Die Debatte um die Rolle der Stasi verstelle den Blick auf die Lebenswirklichkeit eines Großteils der Bevölkerung und verhindere dann „ein wirkliches Gespräch“ über die Zeit unter der SED-Herrschaft. Es habe nur wenige geben, die „nur schuldig oder nur unschuldig waren“, sagte Platzeck. „98 Prozent lagen irgendwo dazwischen“ meinte er und verwies darauf, dass dies bei jeder Diktatur zu beobachten sei. Er wünsche sich eine Diskussion, bei der die Menschen nicht den Eindruck gewinnen müssten, ihr früheres Leben werde nicht respektiert. Die schlechten Werte, die bei Umfragen über die Wertschätzung für die Demokratie erzielt würden, hingen auch mit „dem Umgang mit ostdeutschen Lebensläufen“ zusammen. Und er wünsche sich Rückblicke, die nicht ausschließlich auf Themen wie die Stasi fixiert seien. „Was wir brauchen, sind endlich mal Filme über das wirkliche Leben, in denen sich die Leute wirklich widergespiegelt fühlen“, sagte er dazu. Die Westdeutschen, die sich „in aller Regel“ nicht für den Osten interessierten, könnten dann dazu gebracht werden, auch mal zu fragen, „wie es denn wirklich war“.
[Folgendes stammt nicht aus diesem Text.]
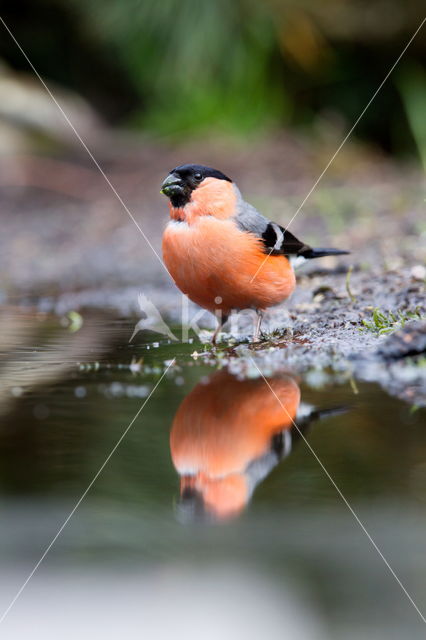 Eurasian Bullfinch (Pyrrhula pyrrhula)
Nicht eindeutig festlegen will Platzeck sich bei der Frage, inwieweit die Berichte über die Stasi-Vergangenheit einiger Abgeordneter der Linkspartei dem Land schaden könnten. Die zwei, die ihre Mitarbeit bei der Geheimpolizei verschwiegen haben, hätten dem Land allerdings „einen Bärendienst“ erwiesen. Platzeck betonte noch einmal, für wie wichtig er die Berufung der früheren Bürgerrechtlerin Ulrike Poppe zur Diktatur-Beauftragten – wie er es nannte – hält. Er sagte zum Thema Staatssicherheit noch, dass man „aufpassen muss, dass das nicht irgendwann so wird wie bei dem Wort Frieden in der DDR, wo dann keiner mehr hinhörte“.
Der christdemokratischen Opposition warf er vor, in den letzten Jahren still gehalten zu haben beim Thema Aufarbeitung. „Ich habe da nicht wahrnehmen können beispielsweise bei den Koalitionsverhandlungen 2004, dass die sich dafür interessiert hätten“ sagte Platzeck mit Blick auf die jüngsten Aktivitäten der CDU-Führung.